### Exercise directions
Reproduce, exactly and in full, the lines from the one with "If you're not" through the one with "One other thing" in the data below; drop pictures.

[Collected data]

━━━━━━

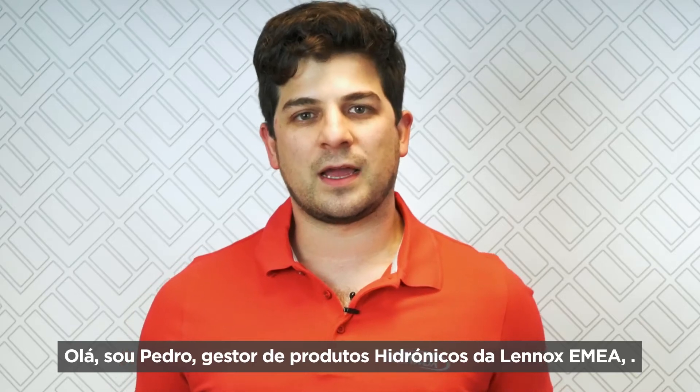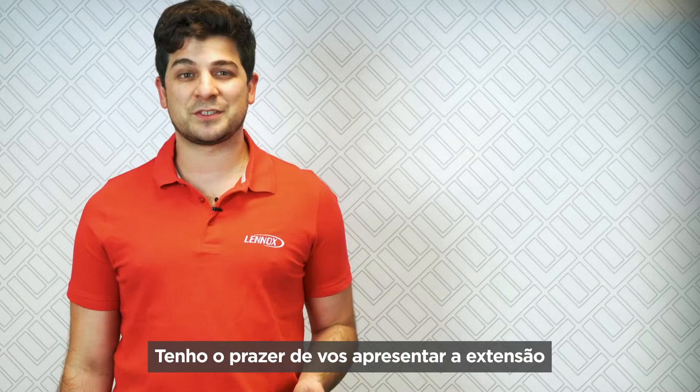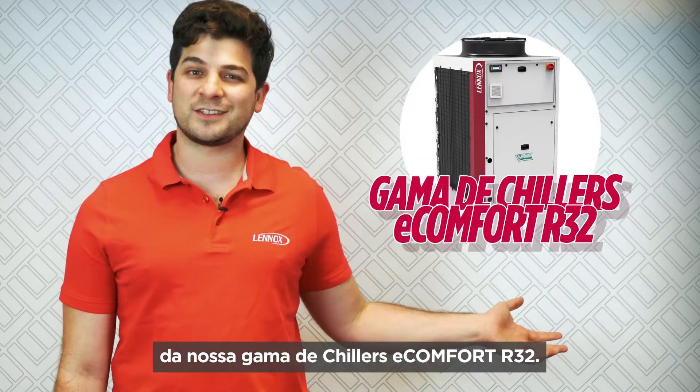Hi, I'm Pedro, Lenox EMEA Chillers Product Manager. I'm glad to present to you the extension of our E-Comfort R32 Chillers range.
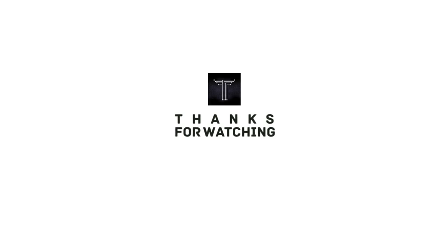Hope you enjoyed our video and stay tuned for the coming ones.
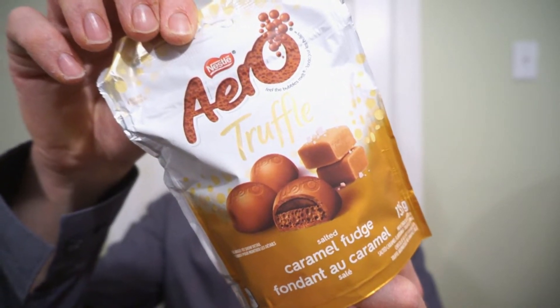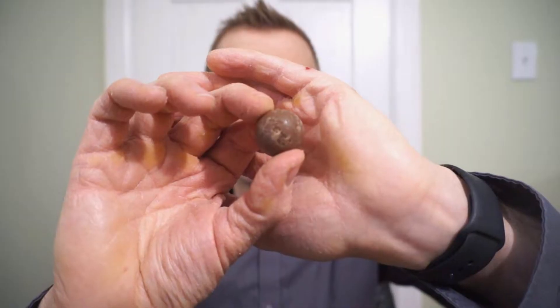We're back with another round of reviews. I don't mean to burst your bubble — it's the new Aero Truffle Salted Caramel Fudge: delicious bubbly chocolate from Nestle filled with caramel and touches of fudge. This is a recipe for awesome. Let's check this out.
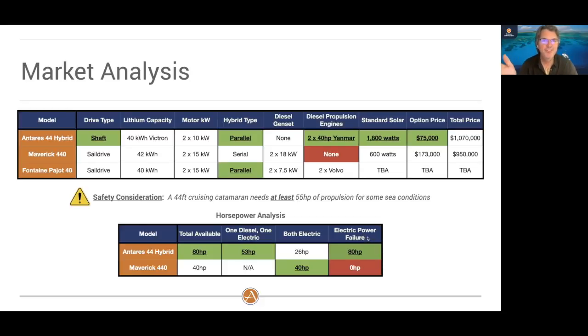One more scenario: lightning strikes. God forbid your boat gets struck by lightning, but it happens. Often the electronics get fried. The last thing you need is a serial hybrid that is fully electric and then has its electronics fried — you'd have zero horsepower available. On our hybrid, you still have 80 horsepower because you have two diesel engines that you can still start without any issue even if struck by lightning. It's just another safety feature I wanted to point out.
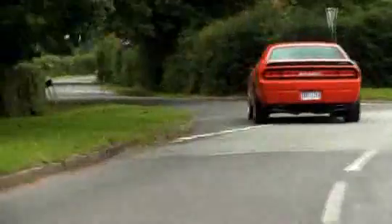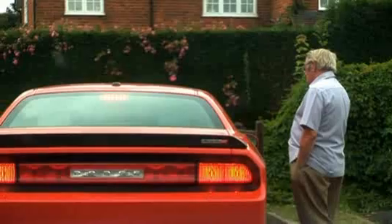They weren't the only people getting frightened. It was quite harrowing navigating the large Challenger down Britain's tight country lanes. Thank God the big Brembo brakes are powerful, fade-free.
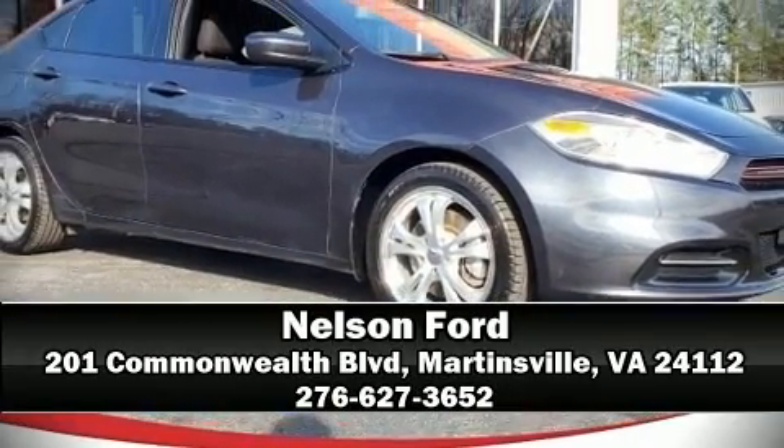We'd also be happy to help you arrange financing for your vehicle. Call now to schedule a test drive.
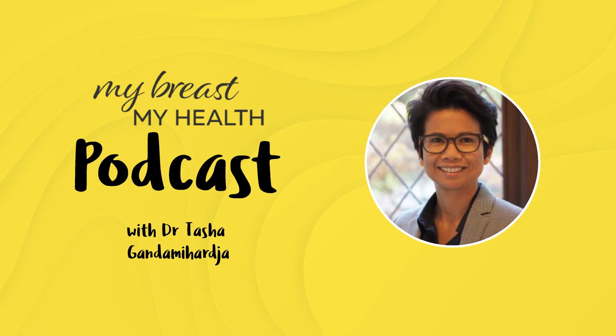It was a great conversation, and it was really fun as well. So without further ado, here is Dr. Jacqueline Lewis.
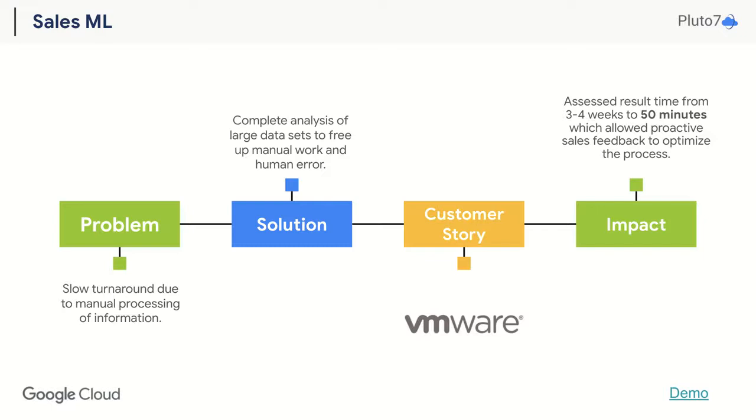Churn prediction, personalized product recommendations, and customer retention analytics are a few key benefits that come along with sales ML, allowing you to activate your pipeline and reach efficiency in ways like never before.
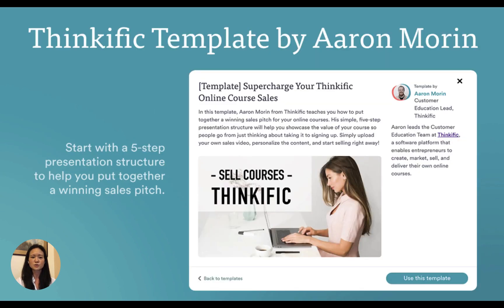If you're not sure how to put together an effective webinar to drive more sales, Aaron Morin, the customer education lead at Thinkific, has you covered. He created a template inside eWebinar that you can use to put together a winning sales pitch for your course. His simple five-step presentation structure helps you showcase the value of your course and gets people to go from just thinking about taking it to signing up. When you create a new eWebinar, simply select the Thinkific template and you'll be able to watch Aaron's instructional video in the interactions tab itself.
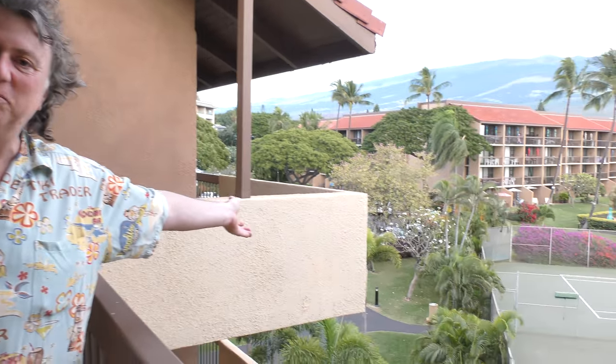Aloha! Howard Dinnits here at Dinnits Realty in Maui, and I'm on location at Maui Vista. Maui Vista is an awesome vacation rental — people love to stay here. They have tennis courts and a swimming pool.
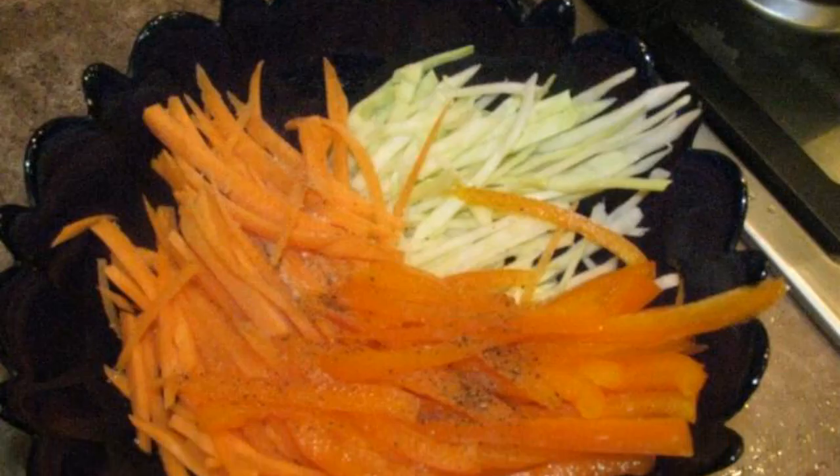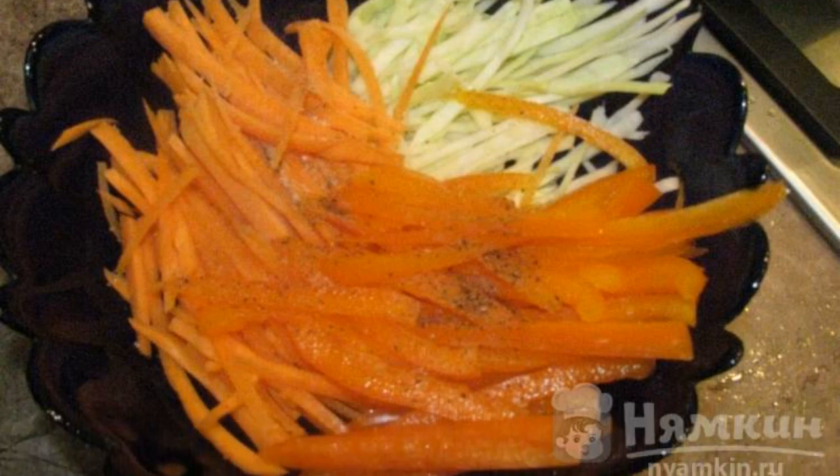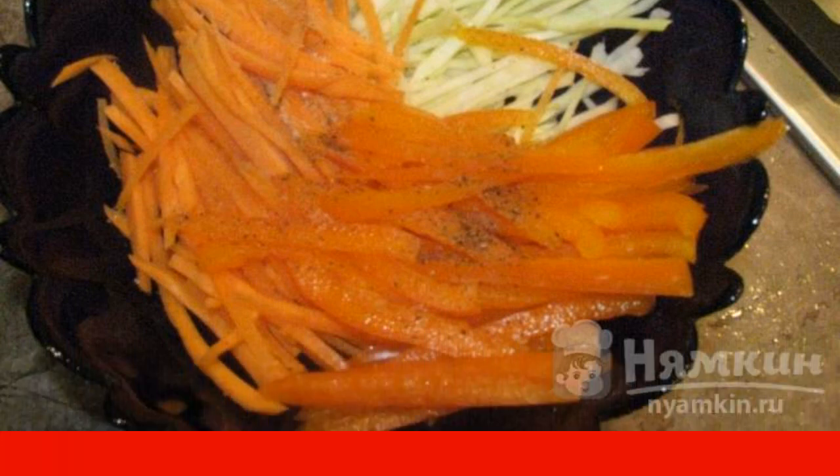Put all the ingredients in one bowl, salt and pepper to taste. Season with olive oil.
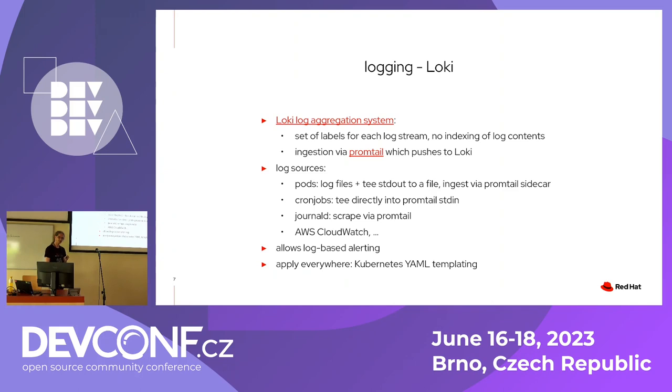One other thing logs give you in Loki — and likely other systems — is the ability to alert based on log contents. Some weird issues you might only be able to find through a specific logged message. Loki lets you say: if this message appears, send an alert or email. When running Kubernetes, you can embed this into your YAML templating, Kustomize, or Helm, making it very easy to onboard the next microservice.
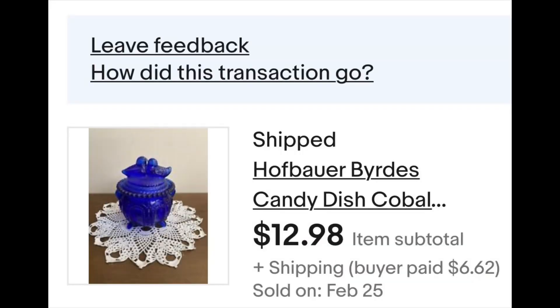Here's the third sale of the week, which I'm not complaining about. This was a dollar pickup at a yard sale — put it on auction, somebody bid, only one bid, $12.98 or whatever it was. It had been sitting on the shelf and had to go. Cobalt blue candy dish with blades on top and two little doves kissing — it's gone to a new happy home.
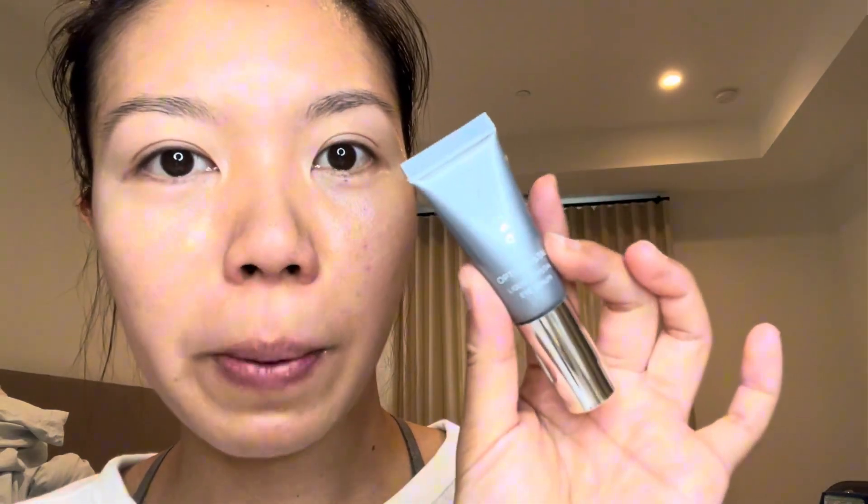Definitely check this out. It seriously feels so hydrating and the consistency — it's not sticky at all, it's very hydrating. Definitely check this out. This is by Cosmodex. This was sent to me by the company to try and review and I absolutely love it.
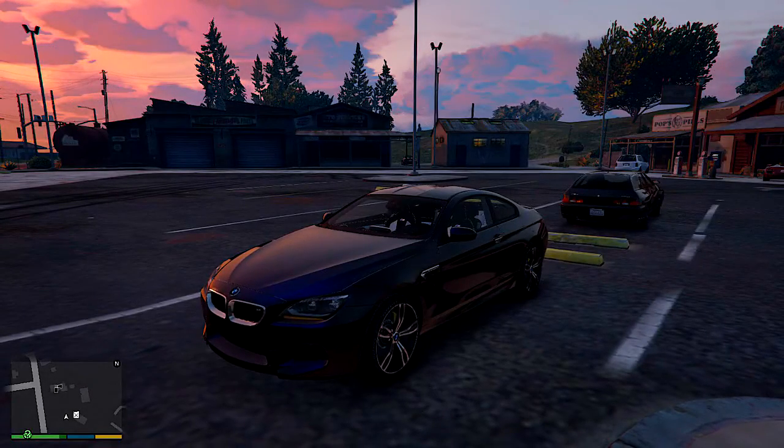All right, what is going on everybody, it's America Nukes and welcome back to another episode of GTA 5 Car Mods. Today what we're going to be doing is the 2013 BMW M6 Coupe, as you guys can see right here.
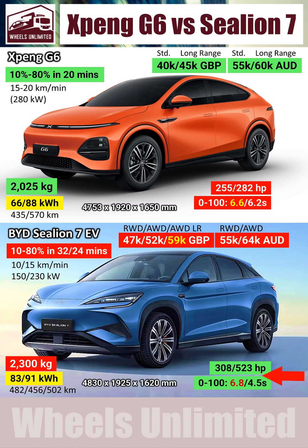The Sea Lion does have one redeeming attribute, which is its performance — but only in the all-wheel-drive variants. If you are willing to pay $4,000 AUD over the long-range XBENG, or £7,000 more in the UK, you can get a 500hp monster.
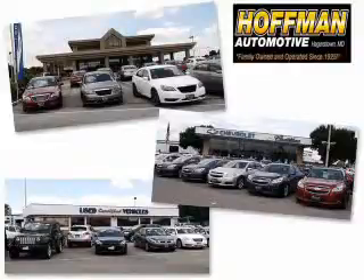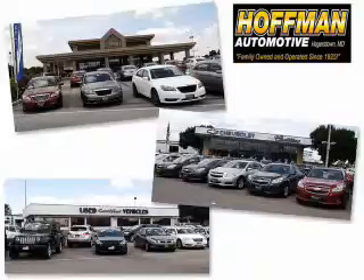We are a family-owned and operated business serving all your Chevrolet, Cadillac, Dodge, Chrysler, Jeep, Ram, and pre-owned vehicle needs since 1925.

━━━━━━

### Your solution
If you're not sure how to put together an effective webinar to drive more sales, Aaron Morin, the customer education lead at Thinkific, has you covered. He created a template inside eWebinar that you can use to put together a winning sales pitch for your course. His simple five-step presentation structure helps you showcase the value of your course and gets people to go from just thinking about taking it to signing up. When you create a new eWebinar, simply select the Thinkific template and you'll be able to watch Aaron's instructional video in the interactions tab itself.
Aloha! Howard Dinnits here at Dinnits Realty in Maui, and I'm on location at Maui Vista. Maui Vista is an awesome vacation rental — people love to stay here. They have tennis courts and a swimming pool.
Put all the ingredients in one bowl, salt and pepper to taste. Season with olive oil.
One other thing logs give you in Loki — and likely other systems — is the ability to alert based on log contents. Some weird issues you might only be able to find through a specific logged message. Loki lets you say: if this message appears, send an alert or email. When running Kubernetes, you can embed this into your YAML templating, Kustomize, or Helm, making it very easy to onboard the next microservice.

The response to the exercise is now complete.